Le lancement de l’invasion de l’Ukraine par la Russie au cours de la nuit dernière constitue le scénario du pire pour le peuple ukrainien et un soubresaut sur la scène géopolitique mondiale ainsi que pour les investisseurs qui n’ont commencé à probabiliser que sur le tard ce risque.
Beaucoup de questions restent ouvertes et notamment les intentions du Président russe. S’agit-il d’obtenir par la force la garantie de non-adhésion de l’Ukraine à l’OTAN et la reconnaissance d’une Crimée russe ? D’imposer une « zone tampon » de régimes à la merci de la Russie et de faire de l’Ukraine une autre Biélorussie ? De passer à une annexion pure et simple ? Y a-t-il des visées au-delà de l’Ukraine ? Il faudra du temps pour y voir plus clair. L’incertitude devrait rester élevée au cours des prochaines semaines.

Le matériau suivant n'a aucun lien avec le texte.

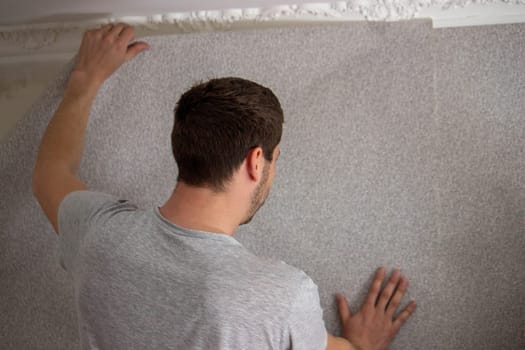 A man glues wallpaper, repairs the house. Selective focus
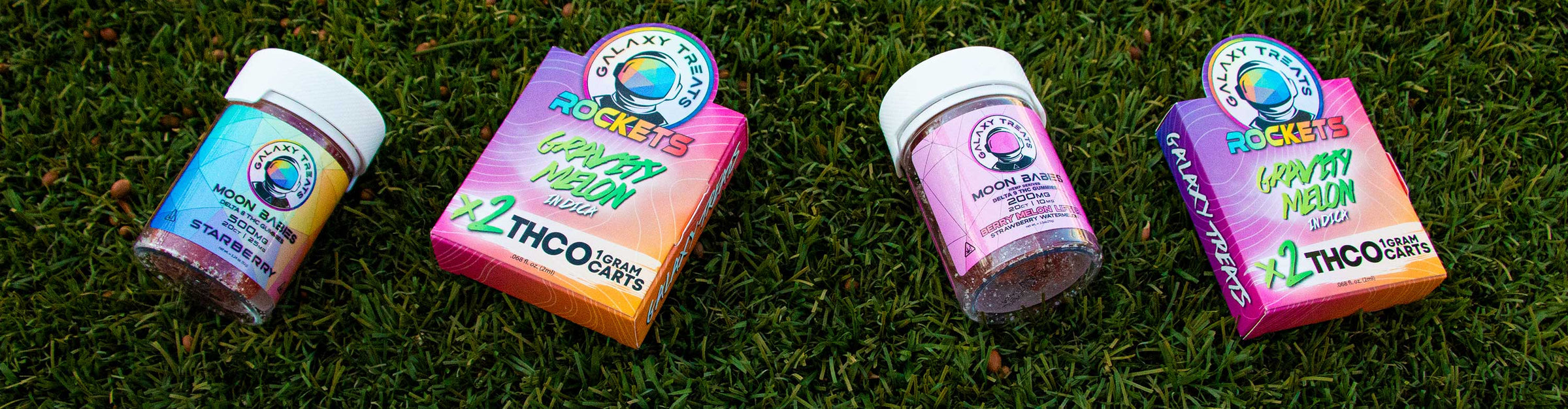 Galaxy Treats products laying down on grass outside near office building.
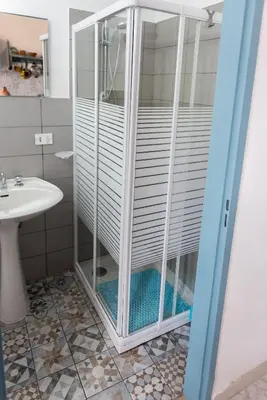 a shower in a bathroom with a sink at L' Arena Suite - Sicilian style 140 mq flat with balcony and Arena seeview in Castellammare del Golfo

Le prix de l’énergie en question
En attendant, la fourniture d’énergie en Europe demeure la question économique majeure car si la Russie et l’Ukraine sont des partenaires commerciaux relativement modestes, l’Allemagne et l’Italie importent près de la moitié de leur gaz de Russie. La menace planant sur la poursuite des échanges commerciaux entre la Russie et l’Europe a donc une incidence extrêmement négative sur les prix de l’énergie qui étaient déjà en forte hausse avant même l’apparition du risque de conflit. En termes de quantités, si les stocks de gaz en Europe sont désormais bas (mais disparates selon le pays considéré), la météorologie clémente et la proximité de la fin de l’hiver limitent les risques de pénurie à court terme, toute la question étant de reconstituer des stocks au cours de l’année en vue de l’hiver prochain, ce qui dépendra en grande partie de la Russie qui avait déjà moins livré l’année dernière. La capacité à passer à du gaz liquide n’est pas extensible en raison des limites physiques des terminaux permettant de liquéfier et regazéifier, ce qui ne rend pas l’offre très élastique à la demande. Il faudra solliciter d’autres sources énergétiques, ce qui pourrait poser des difficultés d’un autre ordre (notamment s’il s’agit du charbon) et envisager également des mesures d’économies d’énergie.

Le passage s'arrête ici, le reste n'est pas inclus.